Task item: When you reach the line containing "Sage Green Watercolor", start transcribing exactly and continue through the last line of the data, skipping every picture.

Provided material:
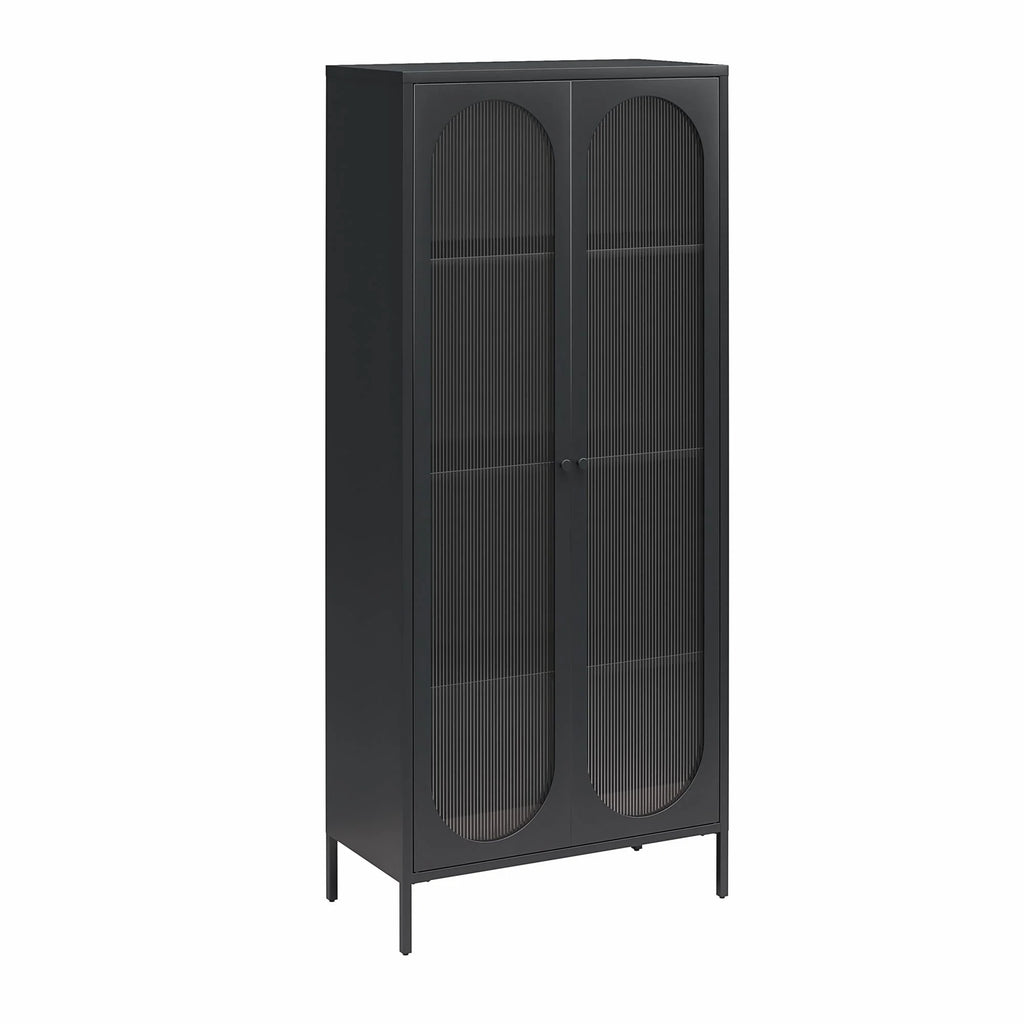 2-Door Accent Cabinet with Fluted Glass N677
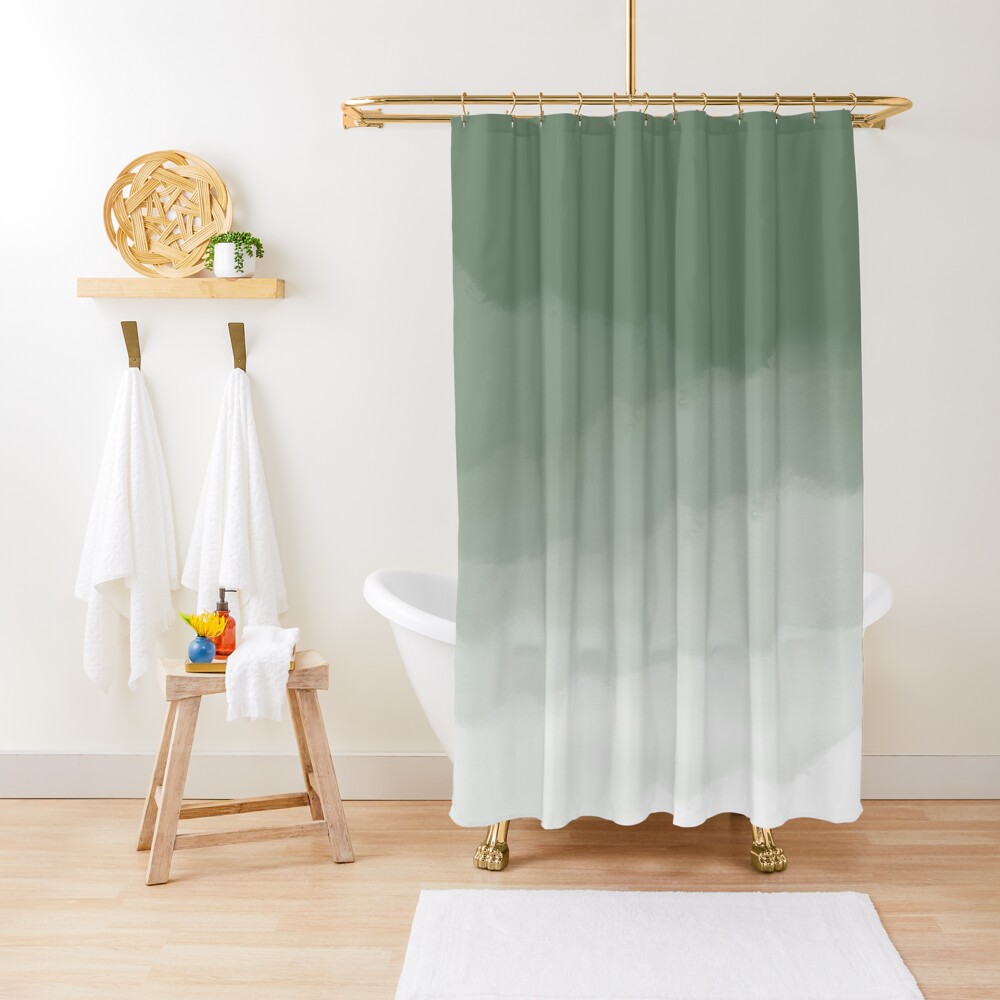 Sage Green Watercolor Ombre (sage green/white) Shower Curtain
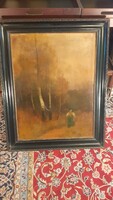 Szentmiklóssy Zoltán (1878-1916) olaj-vászon festmény " Hölgy gereblyével az erdei úton "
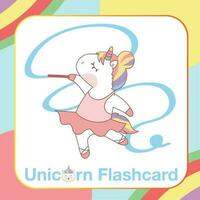 jolie carte flash de licorne pour les enfants. prêt à imprimer. carte de jeu imprimable. carte éducative pour le préscolaire. illustration vectorielle. vecteur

Written response:
 Sage Green Watercolor Ombre (sage green/white) Shower Curtain
 Szentmiklóssy Zoltán (1878-1916) olaj-vászon festmény " Hölgy gereblyével az erdei úton "
 jolie carte flash de licorne pour les enfants. prêt à imprimer. carte de jeu imprimable. carte éducative pour le préscolaire. illustration vectorielle. vecteur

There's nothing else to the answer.